Лариса, достав из сундука постельное белье, двинулась было к раскладушке, но Витя молча отобрал у нее простыни и наволочки и сам занялся устройством постели.
— Вы же в армии не служили, — добродушно объяснил немного ошарашенной женщине улыбающийся Саша, — вы не сможете правильно сделать.
Как ни хотелось Ларисе обидеться на такое нахальство, увидев результат Витиной работы, она вынуждена была признать, что «правильно» у нее действительно не получилось бы. Свое мнение, что вся эта идеальная четкость не имеет смысла, поскольку будет безнадежно смята не более чем через полчаса, Лариса мудро оставила при себе.

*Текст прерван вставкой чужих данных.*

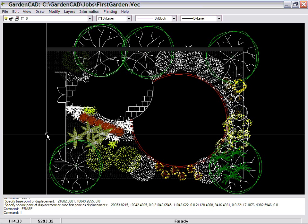So hopefully that gives you a quick overview of GardenCAD. We'll put lots more movies to show you how to do specialized things in this environment. But it's designed to be a simple, easy-to-use tool.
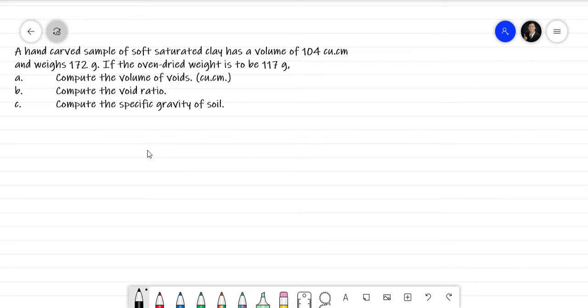Hello, everyone. This is Sir Marvin Bertido. Before we start solving the problem, consider subscribing to this channel. Thank you so much. The problem we're going to solve today is about basic soil properties and weight and volume relationships in soil. So this is the problem.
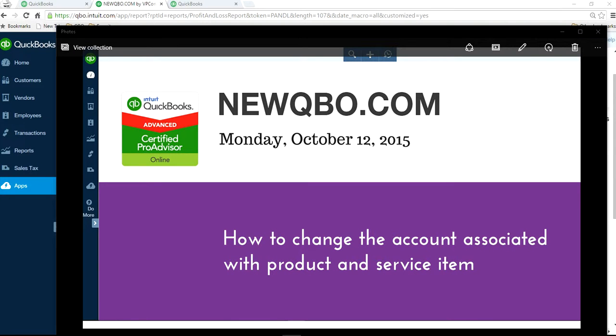This video will show you how to change the account associated with a product and service item in QuickBooks Online.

Герман Александрович, пока бродили с Наташей по участку, заручился ее разрешением рвать все, что ему понравится, так что чай он заварил уже с добавлением смородинового листа, мяты и еще каких-то пахучих травок. К чаю он наделал бутербродов с сыром и колбасой, заявив, что для ужина этого будет достаточно.
Когда все наелись, Саша с Витей коротко посовещались в уголке (Ларисе показалось, что они просто посчитались детской считалкой «Вышел месяц из тумана, вынул ножик из кармана…»), после чего Саша взял шезлонг и вышел на улицу, а Витя, за тридцать секунд раздевшись и аккуратно сложив свою одежду стопочкой на табурет, поставленный в изголовье раскладушки, нырнул под одеяло, сказал в пространство густым басом: «Спокойной ночи» — и захрапел.

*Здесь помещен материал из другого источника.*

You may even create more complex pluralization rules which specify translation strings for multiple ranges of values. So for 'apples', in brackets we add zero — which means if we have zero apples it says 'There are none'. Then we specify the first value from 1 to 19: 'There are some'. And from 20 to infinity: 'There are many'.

Потянулись невыносимо долгие дни. Саше с Витей было еще хорошо, они работали — наблюдали за всеми проходящими мимо забора дачниками, не замышляют ли те что-либо недоброе, шастали по очереди по кустам, вплотную подходящим к участку, вели по какому-то сложному графику ночные дежурства. Однажды шуганули с соседнего участка бомжей, польстившихся на прибитый к стенке сарая алюминиевый умывальник и дырявый цинковый тазик, чем заслужили благодарность соседки и здоровенный пучок укропа, до которого Витя оказался большим охотником. По крайней мере Натальины хилые посадки этой травки он незаметно для себя сжевал в первые же два дня.
Герман Александрович взял на себя обязанности повара, изредка привлекая себе в помощницы Ларису, в основной для составления дневного меню. В свободное от кухонных дел время он с неторопливой тщательностью приводил в порядок десяток коротких грядок цветущей клубники, обнаруженных в густых зарослях травы.

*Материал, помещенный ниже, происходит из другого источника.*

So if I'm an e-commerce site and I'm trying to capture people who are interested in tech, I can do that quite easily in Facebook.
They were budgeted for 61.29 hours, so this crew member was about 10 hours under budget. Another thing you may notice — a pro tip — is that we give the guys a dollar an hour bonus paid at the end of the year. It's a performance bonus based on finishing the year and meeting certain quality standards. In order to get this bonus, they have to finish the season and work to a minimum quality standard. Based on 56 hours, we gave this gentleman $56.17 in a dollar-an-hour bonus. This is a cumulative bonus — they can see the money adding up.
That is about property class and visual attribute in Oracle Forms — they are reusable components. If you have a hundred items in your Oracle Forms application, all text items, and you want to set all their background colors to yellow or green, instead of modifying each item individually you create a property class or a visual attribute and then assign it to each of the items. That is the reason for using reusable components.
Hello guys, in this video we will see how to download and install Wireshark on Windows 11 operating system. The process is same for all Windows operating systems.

Лариса с упорством маньяка вязала огромное, очень сложного рисунка, пестрое покрывало. В сад она выходила только затем, чтобы поискать распустившиеся цветы или сорвать и пожевать крохотные, только завязавшиеся ягодки смородины и крыжовника. Ярослав, каждый раз когда заставал ее за этим занятием, сердился и кричал, пугая дизентерией и расстройством желудка. Лариса не спорила, уходила обратно в домик, но через некоторое время повторяла вылазку. Сцена «изгнание из сада» повторялась по нескольку раз в день, являясь едва ли не единственным развлечением для всех остальных.
А Ярослав тихо зверел. Работать он почему-то не мог. Таращился на чистый лист бумаги, безуспешно силясь выжать из себя хоть одну завалящую мыслишку, разглядывал привезенные с собой наброски, абсолютно не понимая, что, собственно, имел в виду, когда проводил эти линии. Попробовал копать, но мешала боль в не зажившем еще плече. Пристроился работать культиватором одной рукой и в два дня уничтожил сорняки на всей территории. Теперь он занимался тем, что маленькой тяпочкой рыхлил землю вокруг кустарников.
— Послушай, Славик, нам надо поговорить.
Ярослав бросил тяпку на землю и обернулся, вопросительно глядя на отца. Герман Александрович смотрел на него хмуро.
— Что-то случилось, папа?
— Нет. И я не вижу никаких признаков того, что хоть что-нибудь может случиться. Мне это не нравится.
— А? Ты о чем? Извини, но я последнее время плохо соображать стал…
— Это я заметил, — ядовито вставил Герман Александрович.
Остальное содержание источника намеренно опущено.